TMA講師代表の個人研究:
島根県立大学の北東アジア研究センターから、NEAR News No.50を戴きました。副所長の福原裕二先生は、朝鮮社会科学院への交流訪問を兼ねて、国内視察の旅行をされたそうです。本年6月7日からの数週間の滞在のようだ。もともと同国との関係があり、島根県立大学の朝鮮人の研究スタッフを帯同させた旅なので、先方が不都合な見学先は、当初から除外されている。だから、先方の対外宣伝の利用された面も無きにしも有らずである。とはいえ、そこは学者という第3者の眼で、主に写真撮影とヒアリングをされたので、北朝鮮の空気の一部は言外に伝わってくる。
朝鮮労働党の暴君による暴政により、朝鮮社会は大停滞のように思われる。が、社会規律が守られ、中国官僚のようにモラル・ハザードに陥るという危機的な状況にはない、という。しかも、中国から、粗悪な古古米も古古米、家畜の飼料のようなコメを比較的に高価に売りつけた「関係」も暴露されている。経済の一番のネックは、石油にあることがきちんと実証されている。中国が石油の輸出を完全に零にしたら、・・・という制裁は、民用の交通から順に軍用の輸送へと経済を麻痺させるに違いない。国際社会の経済制裁の圧力が高まれば、中国の対朝貿易の商社、つまり中国籍朝鮮族には、粗悪品を安く仕入れ、高価に売りつける条件が拡大する。福原先生は上品なので、中国の国籍をもつ朝鮮族と、朝鮮労働党との貿易関係の特殊な癒着には言及されていない。朝鮮国籍をもち、ヨーロッパで活動する朝鮮人ビジネスマンとの飛行機の機内での会話を紹介され、北朝鮮の経済の可能性を楽観されている。これも、深読みが足りない気がする。とはいえ、朝鮮社会の内部で、下からの内乱が起こったり、あるいは、頂点の暗殺を期待するようでは、北朝鮮社会の現実には迫ることができない。

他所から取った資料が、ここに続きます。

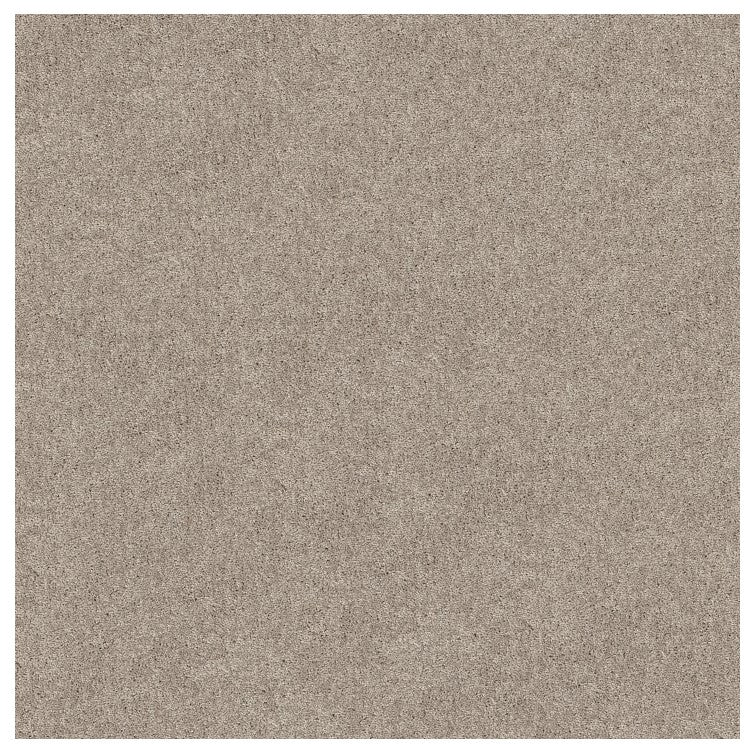 Presidential Feature - Carpet - Level 1 (Included)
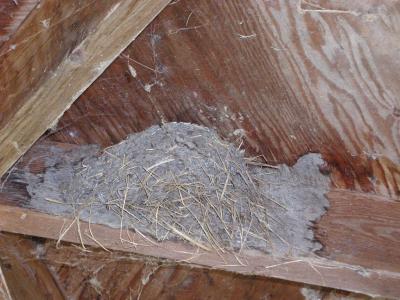 9-17-2003 In Helca Island,  park Canada bird nest in second lookout ..1.JPG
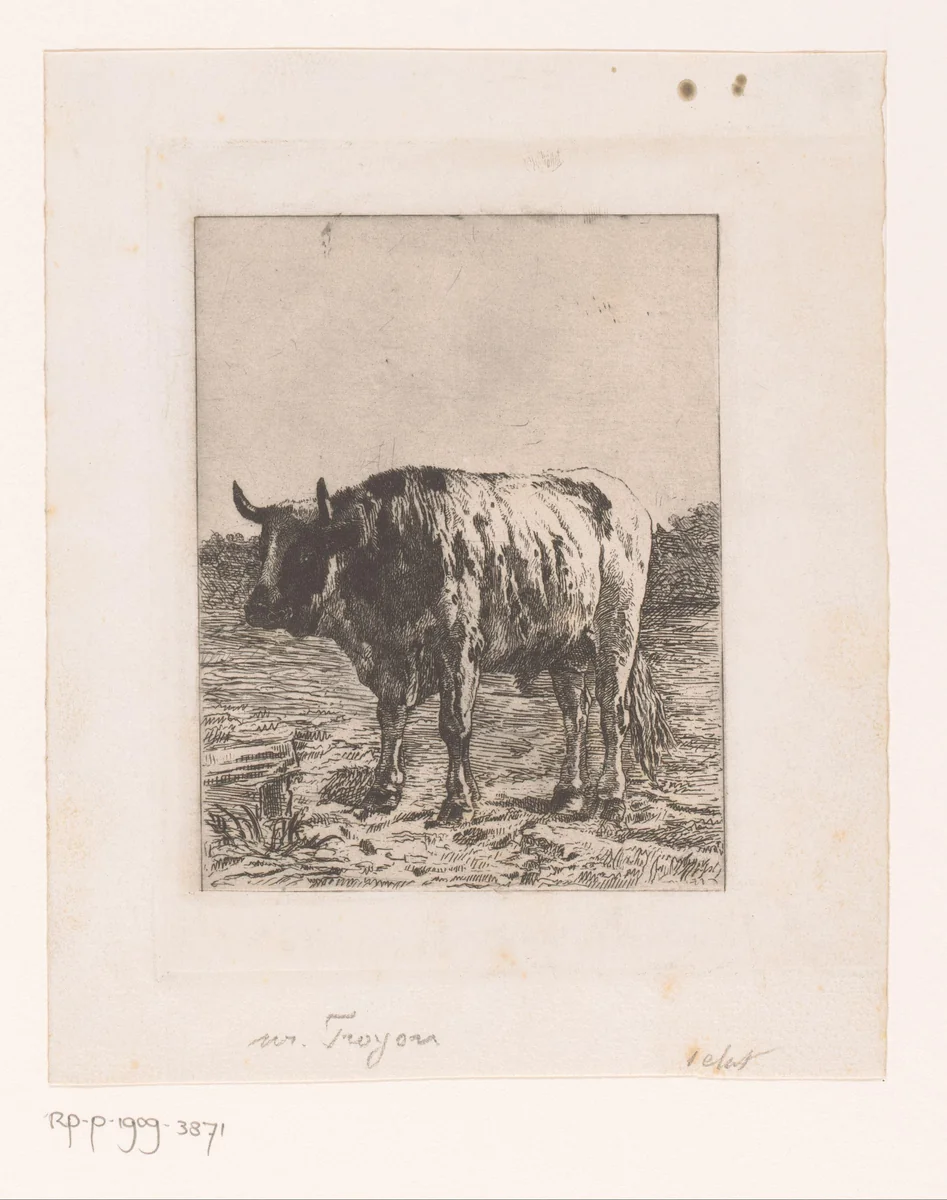 Stier in de wei by Auguste Danse, print, 1874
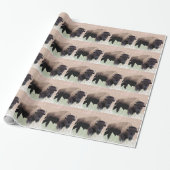 Papier Cadeau Bison de Buffalo (Déroulé)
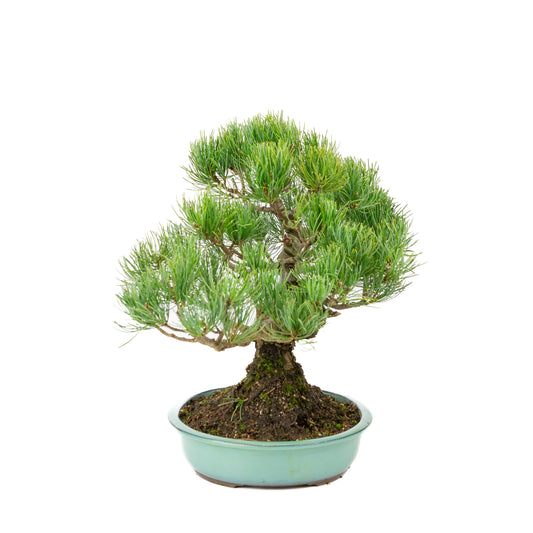 Pinus parviflora turquoise pot 28cm, hoogte ~35cm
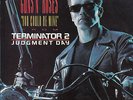 GUNS N' ROSES  You Could Be Mine & Civil War PICTURE SLEEVE TERMINATOR 2 record
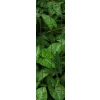 Stylowa Podpora do roślin krzewów PERGOLA H140cm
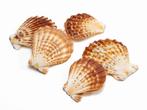 Actie Pecten Radula schelpen 550gr Jacobsschelp, Hobby en Vrije tijd, Knutselen, Ophalen of Verzenden, Nieuw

経済制裁は、朝鮮族の内部で、外部に暮らし、貿易の旨みのある勢力と、国内の特権階級の特権の特殊価値を更に高め、市場経済原理が公平化された形で機能しない方向へとアクセルを踏みこんでいることになる。中国にたいしても、朝鮮への経済制裁の強化を外交カードとして取引材料にされ、日本側にはマイナスに作用している。国内外からの閉鎖経済の制度を強化するだけでは、脳のない話である。この点だけは、福原先生の文章の裏の意味がくみ取れる。